Segment Open
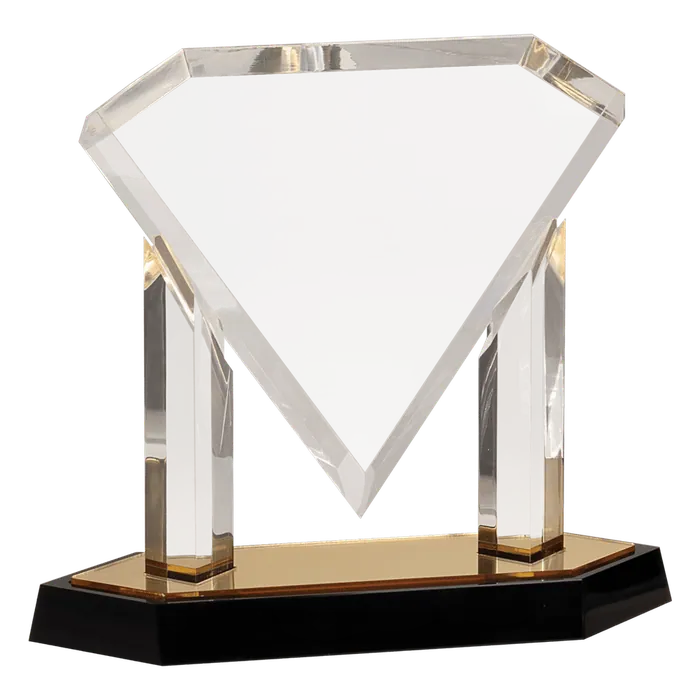 Small Gold Acrylic Floating Diamond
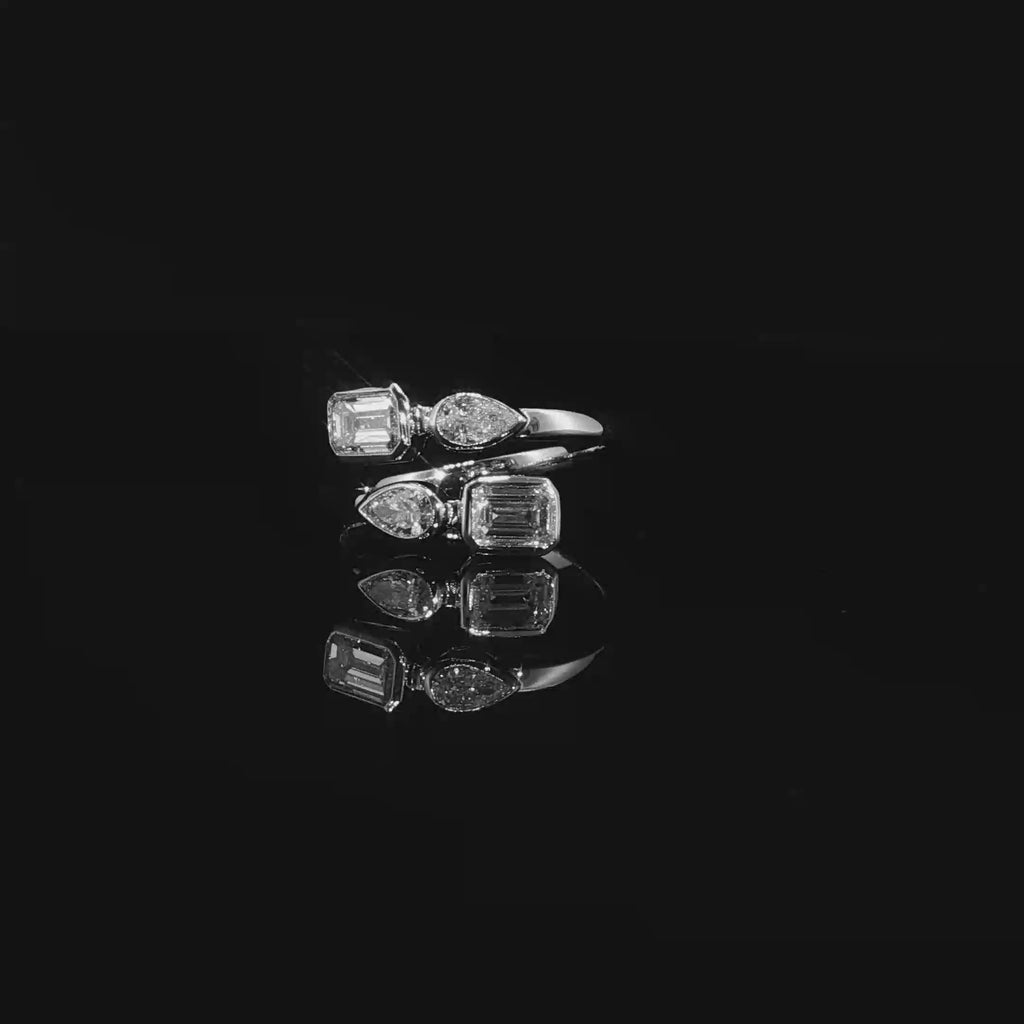 Diamond Bypass Multistone Ring 1.39 CTW – IRG2987
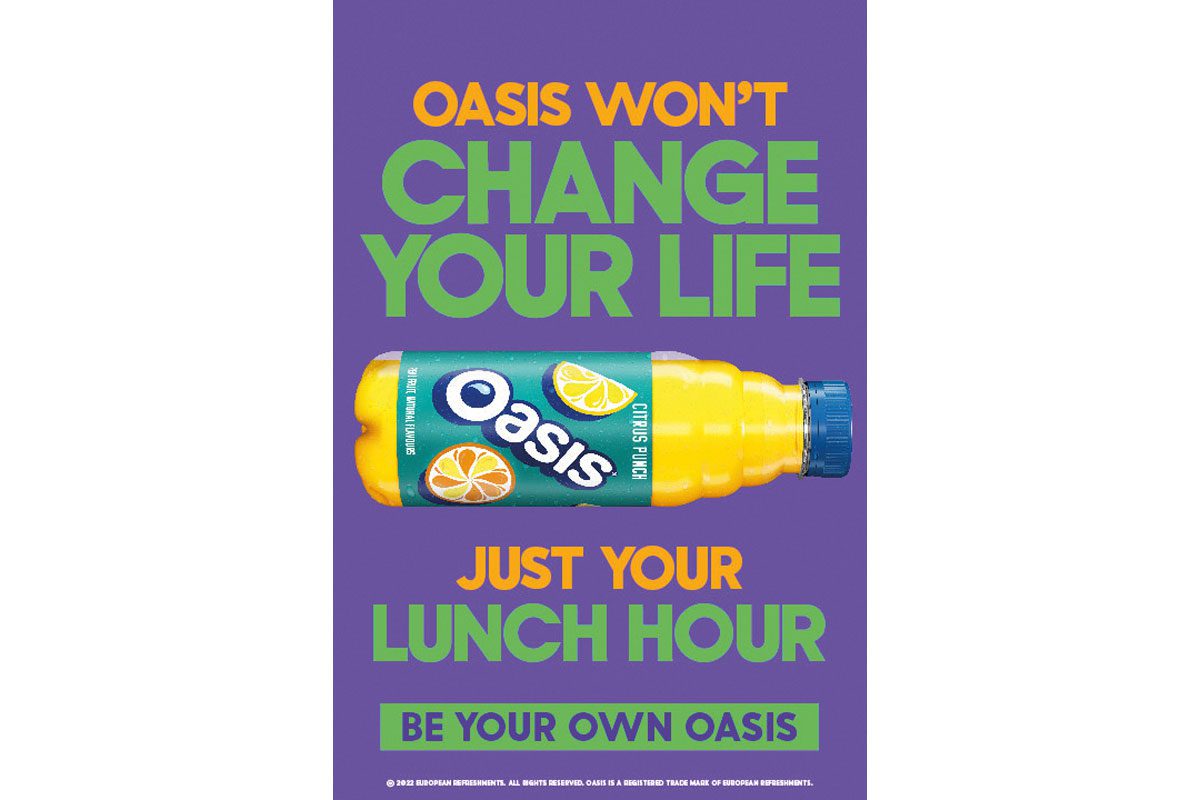 Oasis juice poster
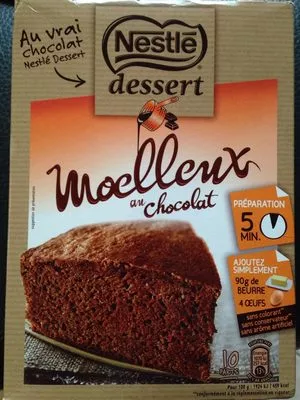 Préparation pour Moelleux au Chocolat Nestlé Dessert, Nestlé, Préparations 344 g, code 7613034060679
Segment Closed
> _Try it_
Set down the data again, exactly, without images.

> _Result_
 Small Gold Acrylic Floating Diamond
 Diamond Bypass Multistone Ring 1.39 CTW – IRG2987
 Oasis juice poster
 Préparation pour Moelleux au Chocolat Nestlé Dessert, Nestlé, Préparations 344 g, code 7613034060679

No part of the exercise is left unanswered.